WORK REQUEST ->
Only an exact copy of the lines from the one containing "Fourteenth image of" through the last line of the material below belongs in the answer, with no pictures.

PROVIDED INFORMATION ->
|---|

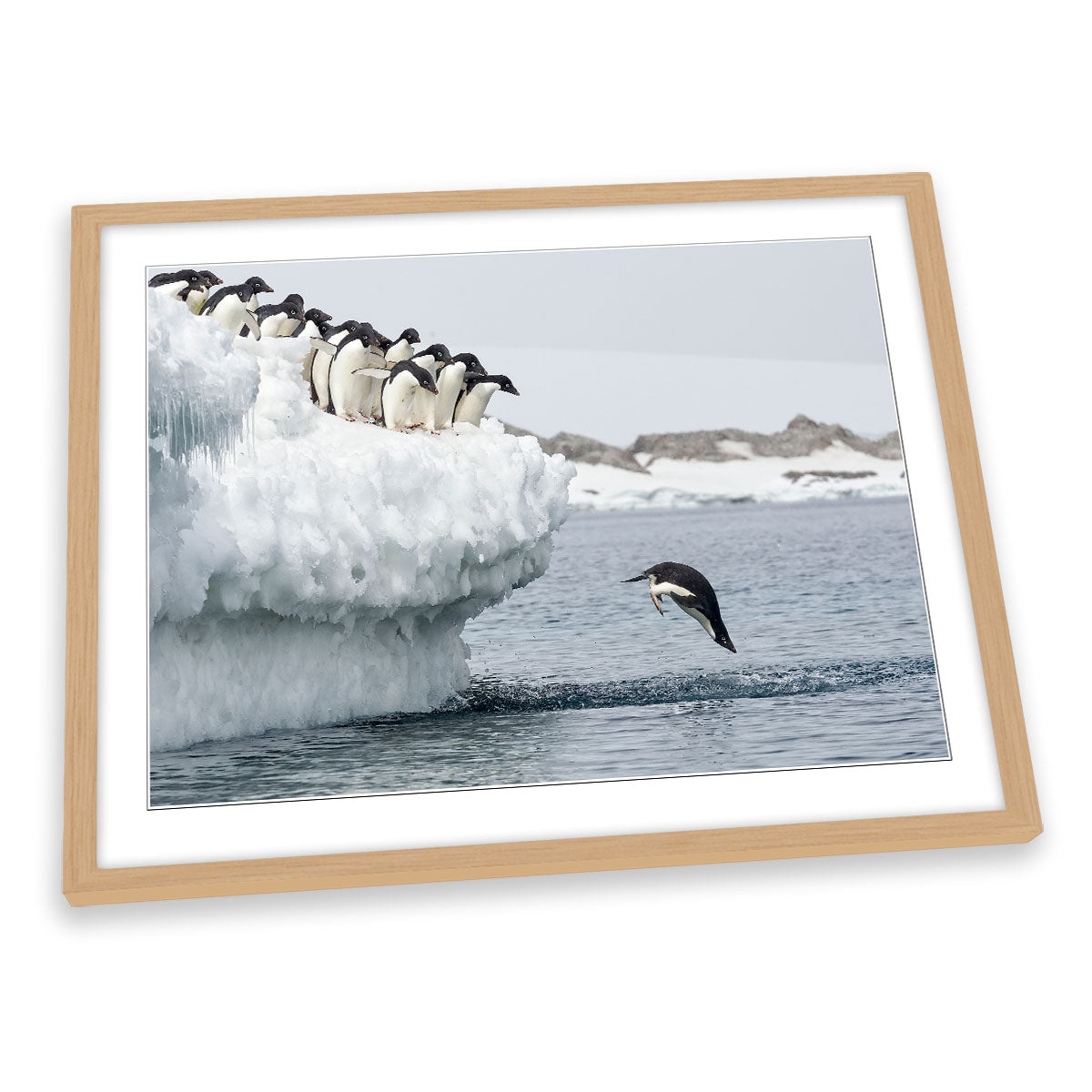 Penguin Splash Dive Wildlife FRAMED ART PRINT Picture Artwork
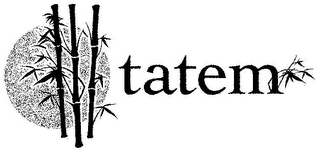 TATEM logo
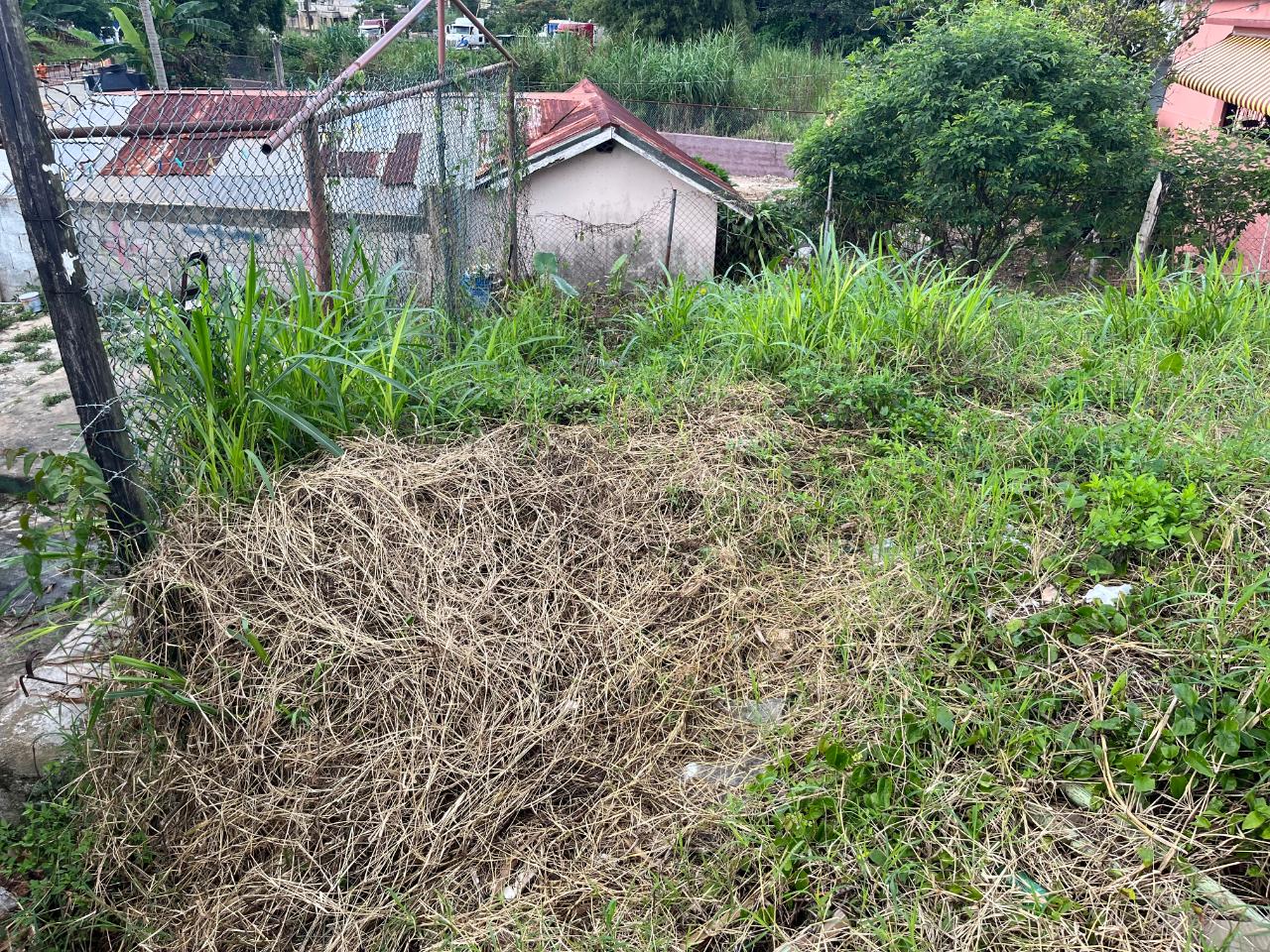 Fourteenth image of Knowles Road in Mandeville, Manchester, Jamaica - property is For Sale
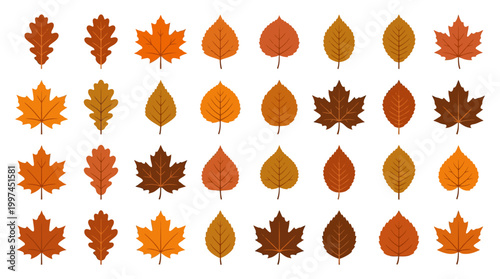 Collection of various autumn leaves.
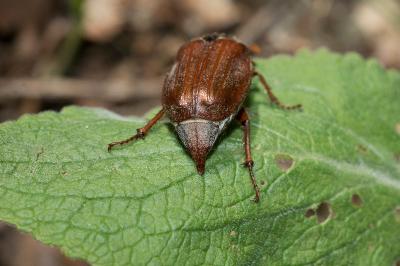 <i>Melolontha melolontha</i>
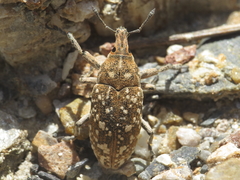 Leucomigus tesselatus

|---|

RESULT OF THIS EXERCISE ->
 Fourteenth image of Knowles Road in Mandeville, Manchester, Jamaica - property is For Sale
 Collection of various autumn leaves.
 <i>Melolontha melolontha</i>
 Leucomigus tesselatus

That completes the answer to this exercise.